Your submission will be an .npz file containing 50 arrays. This file format, used by NumPy, allows you to store multiple arrays in a compressed archive. Although it isn’t a dictionary, it functions similarly by storing key-value pairs, where each key is a sample ID from the test dataset and each value is an array representing the 3D coordinates of faults in that sample.

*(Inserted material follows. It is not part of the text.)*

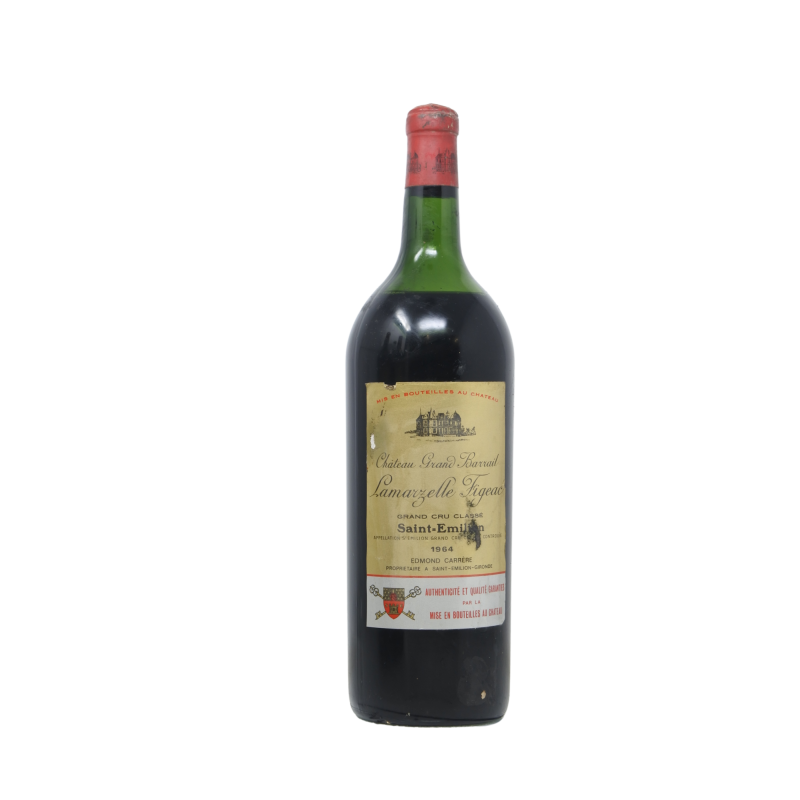 Chateau Grand Barrail Lamarzelle Figeac 1964 Saint-Emilion 150cl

You will find a sample submission in the provided materials under the Data Tab. For more details on the submission format and naming conventions, please refer to the starter notebook. Additionally, the starter notebook includes a function to help you create the submission file from your fault predictions.

Final Evaluation

For the Final Evaluation, the top submissions on the Predictive Leaderboard will be invited to send Onward Challenges their fully reproducible Python code to be reviewed by a panel of judges. The judges will run a submitted algorithm on up to an AWS SageMaker g5.12xlarge instance, and inference must run within 4 hours. The Dice score metric used for the Predictive Leaderboard will be used to score final submissions on an unseen hold out dataset. The score on this hold out dataset will determine 90% of your final score. The remaining 10% of the final score will assess submissions on the interpretability of the submitted Jupyter Notebook. The interpretability criterion focuses on the degree of documentation (i.e., docstrings and markdown), clearly stating variables, and reasonably following standard Python style guidelines. For our recommendations on what we are looking for on interpretability see our example GitHub repository (link).

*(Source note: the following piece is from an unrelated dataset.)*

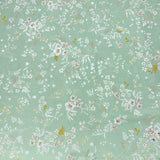 3 Metres Printed Dress Making Viscose- 55" Wide (Mint Flowers)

A successful final submission must contain the following:

  • Jupyter Notebook: Your notebook will be written in Python and clearly outline the steps in your pipeline

  • Requirements.txt file: This file will provide all required packages we need to run the training and inference for your submission

  • Supplemental data or code: Include any additional data, scripts, or code that are necessary to accurately reproduce your results

  • Model Checkpoints (If applicable): Include model checkpoints created during training so we can replicate your results

  • Software License: An open-source license to accompany your code

Your submission must contain the libraries and their versions and the Python version (>=3.10).  See the Starter Notebook on the Data Tab for an example.

Timelines and Prizes

Challenge will open on 2 October 2024 and close at 23:00 UTC 8 January 2025. Winners will be announced on 21 February 2025. 

The main prize pool will have prizes awarded for the first ($10,000), second ($5,000), and third ($3,000) in the final evaluation. There will be two $1,000 honorable mentions for valid submissions that take novel approaches to solving the problem.

References

Bahorich, M., Motsch, A., Laughlin, K., & Partyka, G. (2002). Amplitude responses image reservoir. Hart’s E&P, January, 59-61.